FDA Advisory Committee Unanimously Recommends First mRNA Flu Vaccine

On June 18, 2026, the FDA's Vaccines and Related Biological Products Advisory Committee (VRBPAC) delivered a historic 9-0 vote recommending the approval of Moderna's mRNA-based seasonal influenza vaccine.[1][4]

The unanimous endorsement of the vaccine, known clinically as mRNA-1010 or mFlusiva, marks a critical milestone in respiratory health. If granted final approval, it will be the first time the Nobel Prize-winning technology that ended the COVID-19 pandemic is deployed against seasonal flu.[2][6]

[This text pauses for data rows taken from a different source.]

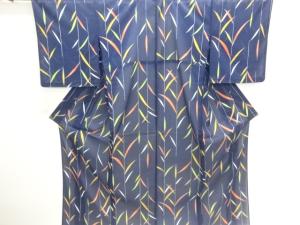 駒絽笹の葉模様小紋着物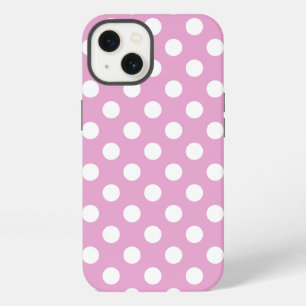 White polka dots on pale pink Case-Mate iPhone cas 13 Case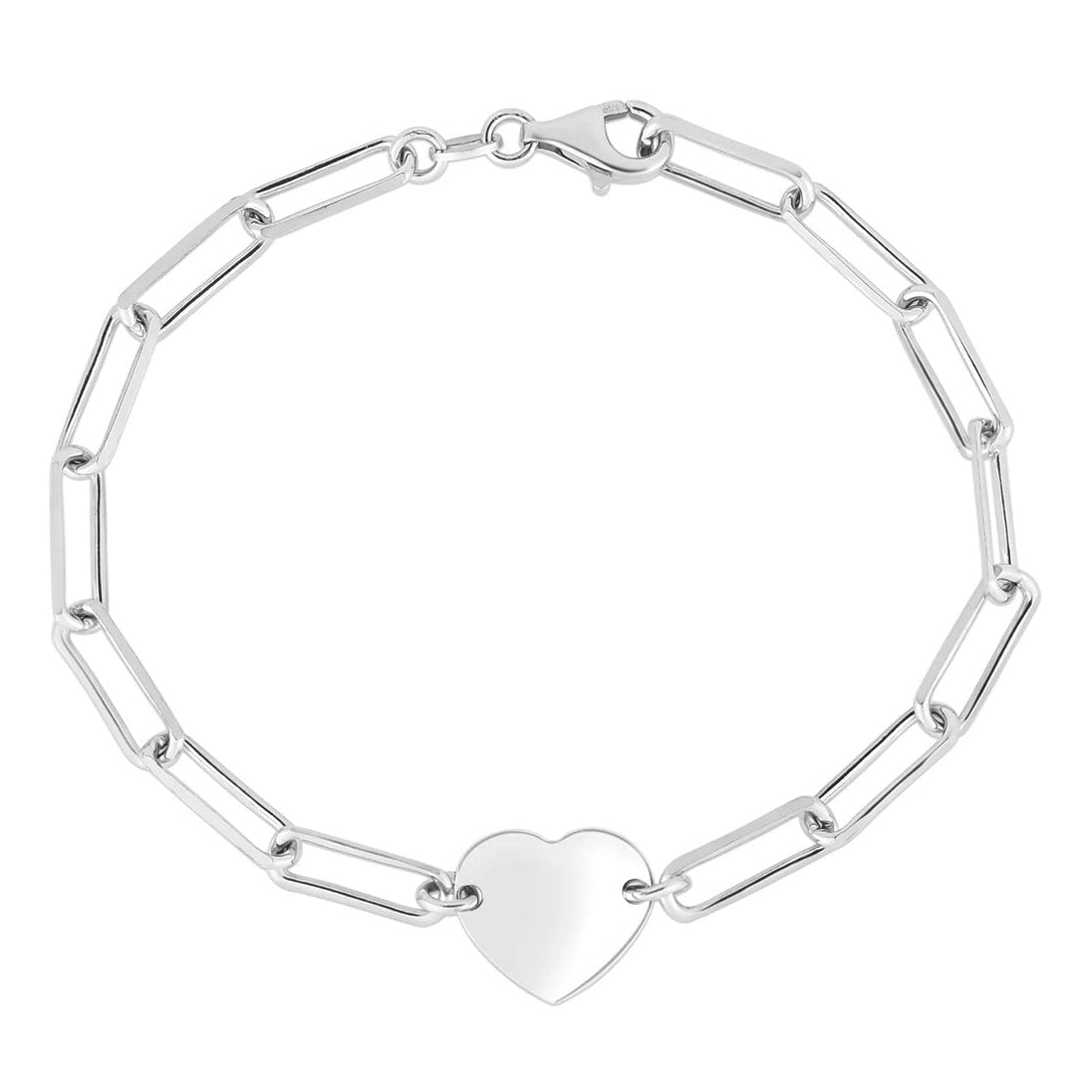 SILVER PAPERCLIP HEART BRACELET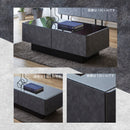 KaguBuy シャル ローテーブル 幅120 ガラス セラミック調 完成品 長方形 センターテーブル テーブル 引き出し 収納付き リビングテーブル カフェ コーヒーテーブル 日本製 大川家具 新生活 グレー グレージュ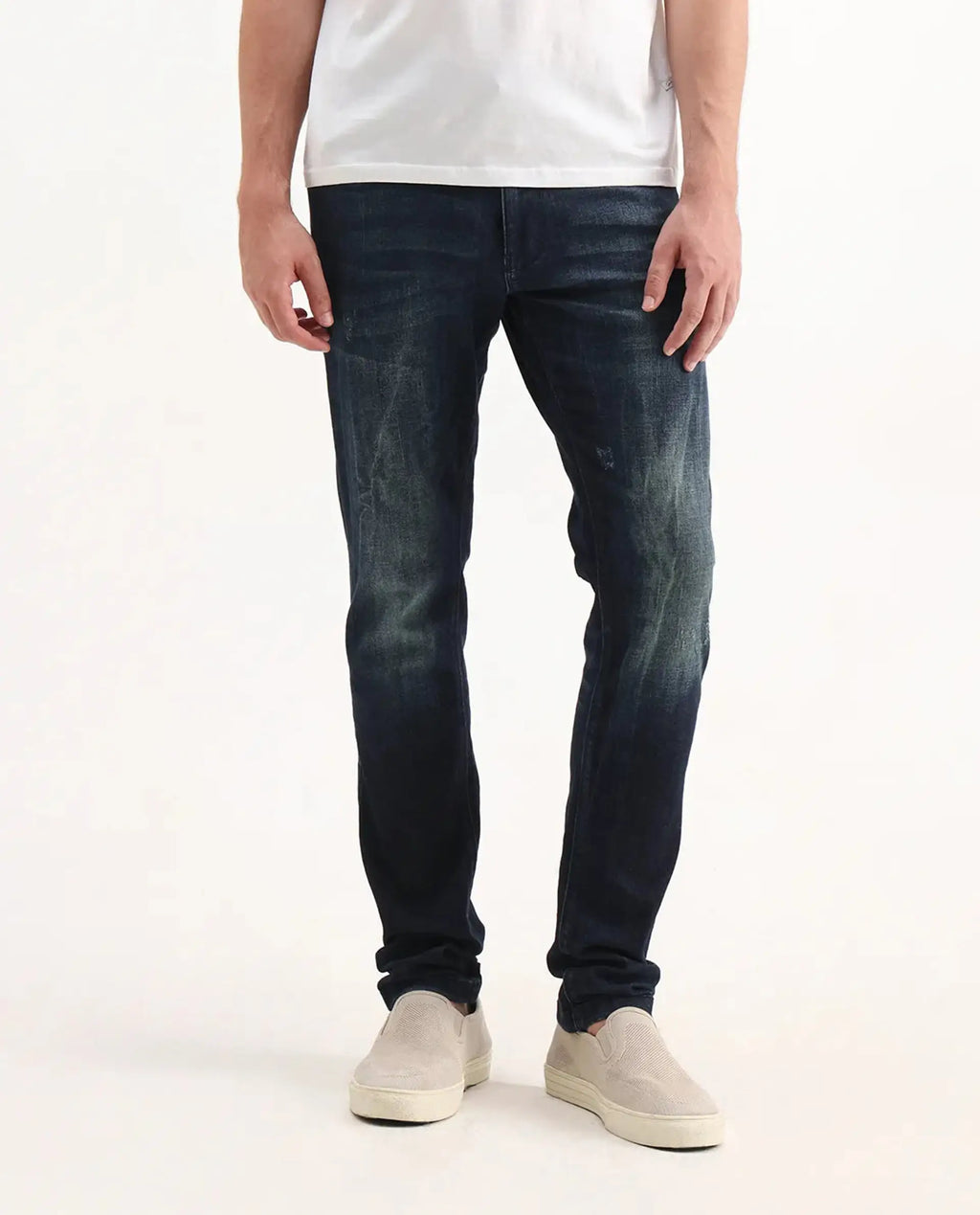 Rare Rabbit Men's Deigo Dark Blue Cotton Plain Hawk Slim Fit Jeans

The core claim evaluated by the committee is that mRNA technology provides superior efficacy to traditional egg-based vaccines. The evidence supporting this primary claim is robust, anchored by the Phase 3 FLUENT trial.[3][5]

The FLUENT trial enrolled 40,703 participants aged 50 and older across 11 countries during the recent flu season. It was designed as a double-blind, active-controlled study to directly compare the mRNA shot against existing options.[3][6]

The data demonstrated that mRNA-1010 achieved a 26.6% relative vaccine efficacy against protocol-defined influenza-like illness when compared to a licensed standard-dose vaccine.[4][5]

Beyond raw efficacy, the evidence pack highlights a massive logistical advantage: the speed of manufacturing. Traditional flu vaccines require a cumbersome, egg-based incubation process that takes roughly six months.[1][6]

Because of this six-month lag, global health agencies are forced to guess which flu strains will circulate in the fall as early as February. If the virus mutates in the intervening months, the resulting vaccine can be a poor match, leading to severe flu seasons.[2][6]

The mRNA platform shrinks this strain-to-shot timeline to just two to three months. This rapid turnaround drastically reduces the risk of antigenic drift, allowing scientists to formulate the shot much closer to the actual respiratory season.[1][4]

Immunological evidence also suggests that the mRNA platform expands the breadth of the B-cell response. Trial data indicates the vaccine produces antibodies capable of recognizing a wider array of flu strains than traditional platforms.[5][6]

However, the evidence pack reveals a notable weakness regarding older adults, sparking a fierce regulatory debate over the trial's design.[4][6]

For patients aged 65 and older, the standard of care is typically a high-dose or adjuvanted flu vaccine designed specifically to provoke a stronger immune response in aging immune systems.[2][4]

Moderna's pivotal trial compared the mRNA vaccine against a standard-dose shot across all age groups, rather than testing it head-to-head against the high-dose vaccines recommended for seniors.[3][4]

This evidentiary gap led to intense regulatory friction. In February 2026, the FDA initially issued a refusal-to-file letter, declining to even review the application because of the comparator issue.[1][6]

The rejection occurred during a period of heightened political scrutiny regarding vaccine research, driven by skepticism toward mRNA technology from HHS Secretary Robert F. Kennedy Jr. and former FDA officials.[1][2]

Following public backlash from the medical community and a formal meeting with the manufacturer, the FDA reversed its refusal and agreed to evaluate the data under a bifurcated regulatory pathway.[2][6]

To bridge the evidentiary gap, the advisory committee recommended full approval for adults aged 50 to 64, where standard-dose vaccines are the accepted baseline.[4][5]

For adults 65 and older, the committee recommended an accelerated approval pathway. This requires Moderna to conduct a massive post-marketing confirmatory trial—enrolling up to 800,000 participants over two flu seasons—to test the mRNA shot directly against high-dose senior vaccines.[4][6]

On the safety front, the evidence is clear but comes with trade-offs. The FDA briefing documents confirmed no major safety deficiencies, noting that the mRNA does not enter the cellular nucleus or alter DNA.[4][5]

However, the clinical data shows higher reactogenicity. Patients receiving the mRNA shot reported higher rates of temporary side effects, including injection-site pain (65.8%), fatigue (45.1%), and headaches (37.8%), though these were predominantly mild and self-limiting.[3][4]

The FDA has set a final decision deadline of August 5, 2026. If the agency follows the committee's unanimous recommendation, the medical community will have a powerful, rapidly adaptable new tool available for the upcoming fall respiratory season.[1][2]